It must also be the case that it is wrong to do that. Indeed, it is the clearer position that it is wrong to take the narrowness of exceptions as a reason for limiting the breadth of the broad general prohibition. The second thing that is entirely wrong with the approach taken by the Court of Appeal is that the phrase which is focused on - and the phrase appears three times in the section. It appears firstly in the exception in section 14(1). That is the time that is relevant is the “date upon which the purchaser is entitled to possession or receipt of the rents and profits of the lot sold”.
That is then repeated – that same phrase is repeated in the exception in paragraph 14(2)(b)(i), that again the sale has to be a sale under a contract which provides that:
a mortgage affecting the lot sold is to be discharged as to that lot before the purchaser becomes, or upon the purchaser becoming, entitled to possession or to the receipt of the rents and the profits –
Then, again in the final words at the end of section 14(2) which goes on to provide that if that contractual provision is breached, that is after the word “but”:
but where the mortgage is not discharged as to that lot before the purchaser becomes, or upon the purchaser becoming, entitled to possession or to receipt of the rents and profits -
it goes on to confer a statutory right on the buyer to rescind the contract. The concept that the date upon which the purchaser becomes entitled to possession or receipt of rents and profits as excluding the time when there is a conveyance is, with respect to the Court of Appeal, quite wrong. The date upon which the purchaser is entitled to possession or receipt of rents and profits may well be the date of conveyance or it may be an earlier date. These are words of expansion, not of limitation. The judgment of the Court of Appeal fastens only on the notion of possession. It does not even mention what type of circumstance is contemplated as to receipt of rents and profits.

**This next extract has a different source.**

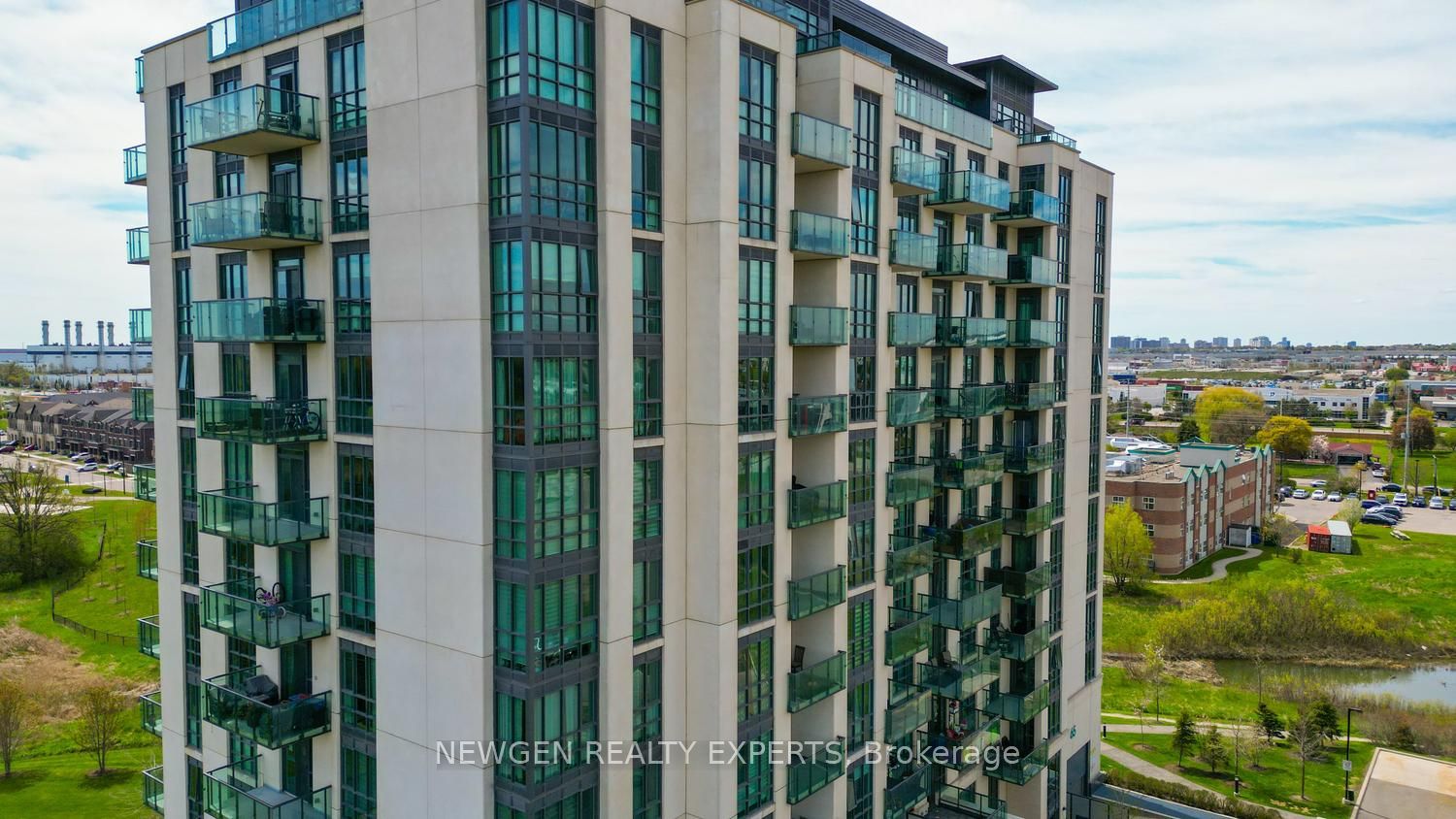 65 Yorkland Boulevard 808 Property Photo 5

In my reply submissions I have referred to the recent decision of the South Australian Full Court in Perpetual Trustee v Valuer-General 101 SASR 110 at 124 to 126, paragraph 56. In that passage there is considerable analysis of the notion of what is a fee simple in possession. In the third paragraph on page 125 in there it is said that:
There is substantial authority, therefore, for the proposition that the expression “an estate in fee simple in possession” ‑ ‑ ‑
KIEFEL J: I think you can take it that we have an understanding of this concept. Could you perhaps just identify what the point that is made in Perpetual Trustee is, as it relates to your case.
MR SOLOMON: Yes. The point that is made in Perpetual Trustee at the very passage I was reading is that the estate in fee simple applies where the owner is either in physical possession or is not in physical possession but is in receipt of the rents and profits. That is the paradigm example of the best evidence of the existence of an estate in fee simple. For the legislature to focus on the date upon which the purchaser is entitled to possession or receipt of the rents and profits is for the legislature to focus on the paradigm example of the time when the purchaser becomes entitled to an estate in fee simple in possession.

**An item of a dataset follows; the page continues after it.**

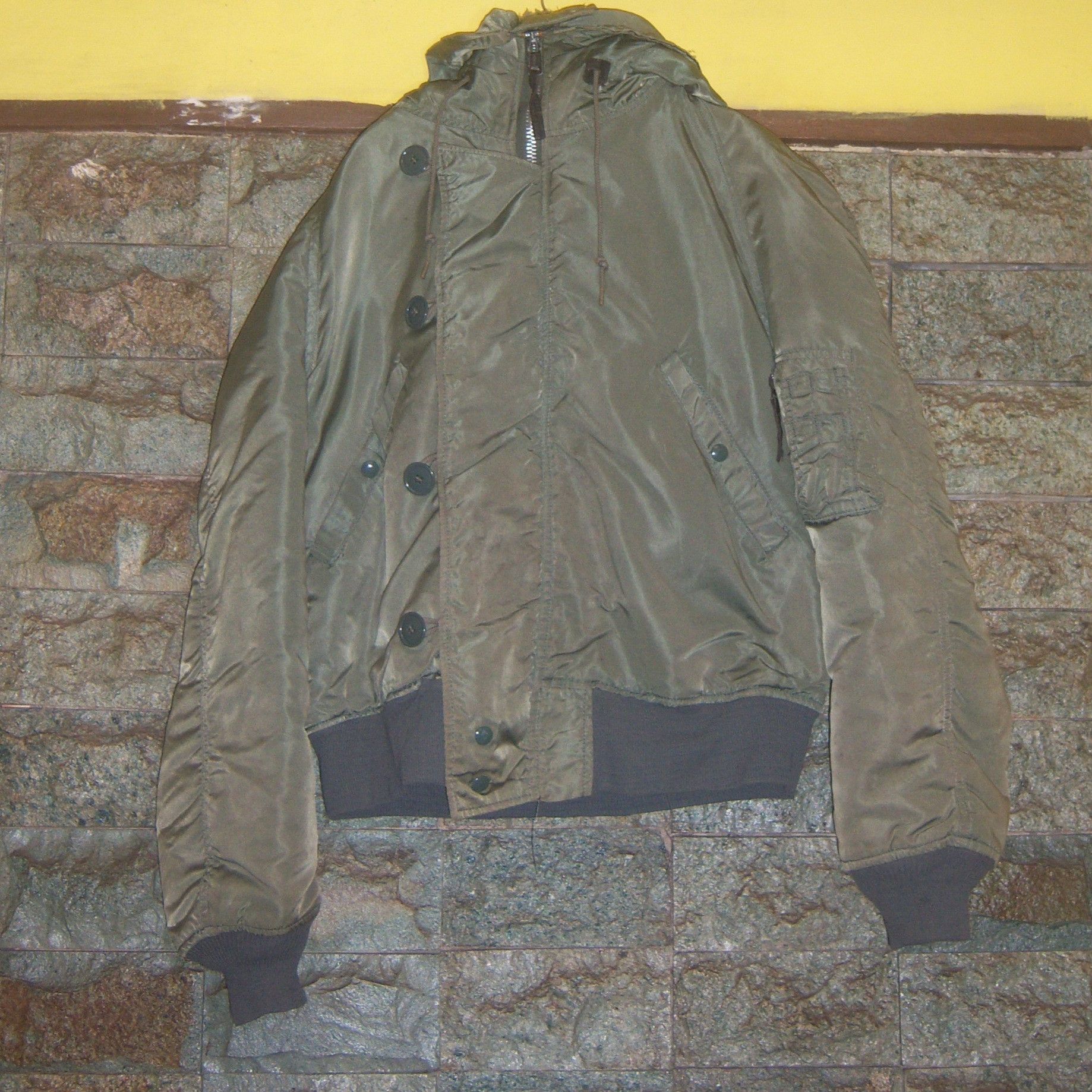 Alpha Industries Alpha Industries Bomber Jacket N-2B Size US M / EU 48-50 / 2 - 1 Thumbnail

It may also include an earlier time if, under the contract, and this is an exceptional circumstance, in an exceptional circumstance, the purchaser is entitled to physical possession before completion or is entitled to receipt of rents and profits before completion. So that the use of the term “the date upon which the purchaser is entitled to possession or receipt of rents and profits” in the exceptions, both in 14(1) and in 14(2)(b) are not limitations which, therefore, govern the proper construction of the primary prohibition in 14(1). They are, in fact, words of extension because they cover not only the time that the purchaser becomes entitled to conveyance ‑ ‑ ‑
KIEFEL J: I think you might be repeating yourself at this point, Mr Solomon.

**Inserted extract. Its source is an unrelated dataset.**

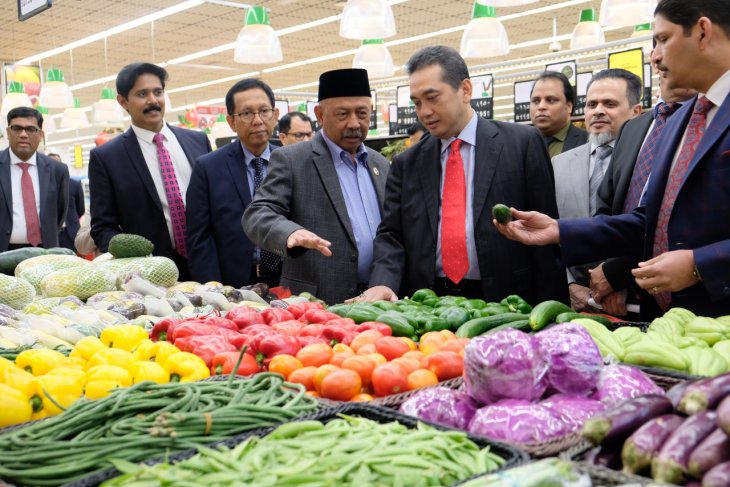 Trade Minister stresses on MSME product marketing in Middle East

MR SOLOMON: That is the point about section 14. We say that the prohibition in the first words of section 14(1) is clear beyond argument that where there is a ‑ ‑ ‑
BELL J: Do you accept, Mr Solomon, that it produces manifestly unreasonable results in relation ‑ ‑ ‑
MR SOLOMON: No, not in the slightest, your Honour, and I will tell you why because there is not the slightest difficulty in a properly advised vendor complying with section 14(2)(b). Section 14(2)(b) creates a situation which can be very easily complied with by any competent conveyancer. The section provides a mechanism for a contract to firstly provide in 14(2)(b)(i) - the contract has to provide that the mortgage is to be:
discharged as to that lot before the purchaser becomes, or upon the purchaser becoming, entitled to possession or to receipt of the rents and profits –
not a difficult provision to comply with. It secondly has to provide that the:
deposit and all other moneys payable under the contract . . . are to be paid to –
a lawyer or a licensed real estate agent to be applied in or towards so discharging the mortgage. As long as you have a contract which contains that provision and it is complied with there is no manifestly unreasonable operation at all and the section goes on and provides that if you have a provision in those simple terms after the word “but” at the end:
but where the mortgage is not discharged as to that lot before the purchaser becomes, or upon the purchaser becoming, entitled to possession or to receipt of the rents and profits under the contract and the purchaser of the lot under the contract is not in default –
he may terminate the contract and there is a right of rescission. So, there is no manifest inconvenience. The only manifest inconvenience for this particular respondent is that they did not have a provision which complied with 14(2)(b).
On the question of section 13, again, what has happened has been a very limiting construction of the exceptions in section 13. My time is short, let me just say this much. The court with respect to section 13 used the reference to a lot in section 11 as governing its construction of section 13. The definition of “lot” includes at the end of the words an area which is represented “that it will constitute a lot in a proposed subdivision”. That part of the extension in the definition of “lot” is plainly there to refer to the situations under the definition of “sell”, which are wider than agreements for sell, in particular, in the definition paragraph (b) of “sell” where one may:
offer, hold oneself out or advertise as being willing, or agree to sell -
But to say that one represents an area as being an area of land where it is an agreement is not a mere representation. That becomes the subject matter of the actual agreement. That was referred to in the Chief Justice’s judgment at 34 and 35 and 59 as being a basis of construction. The second basis upon which section 13 was construed so as to broaden the exception in section 13(1)(a) to not just cover where the prohibition being where it applies shall not sell any of such lots unless:
(a) he is the proprietor thereof -
The court correctly noted, with respect, that the proprietor means registered proprietor because of the definition – that is paragraphs 36 and 37 but reach the conclusion that all that the protection that was intended to be conferred
was limited to was ownership of the lot, simply ignored the fact that a purchaser who commits to buy land may also suffer great prejudice because the subdivision is never completed.
They may be held up for a long period of time because it is delayed, not completed. They have a commitment. They cannot commit elsewhere and the very prejudice of entering into a contract of sale to buy a future lot, it is not just a matter that the owner may not have title at the date of the contract to the underlying land upon which a building is going to be built and then a subdivision made, it is the fact that they may not be able to complete which is a real risk and that has been ignored in construing the section. If it please the Court.
KIEFEL J: Yes, thank you, Mr Solomon. Mr Zelestis, we will not need to hear from you.
The decision of the Court of Appeal in this matter is not attended with sufficient doubt to warrant the grant of leave. Special leave is refused with costs.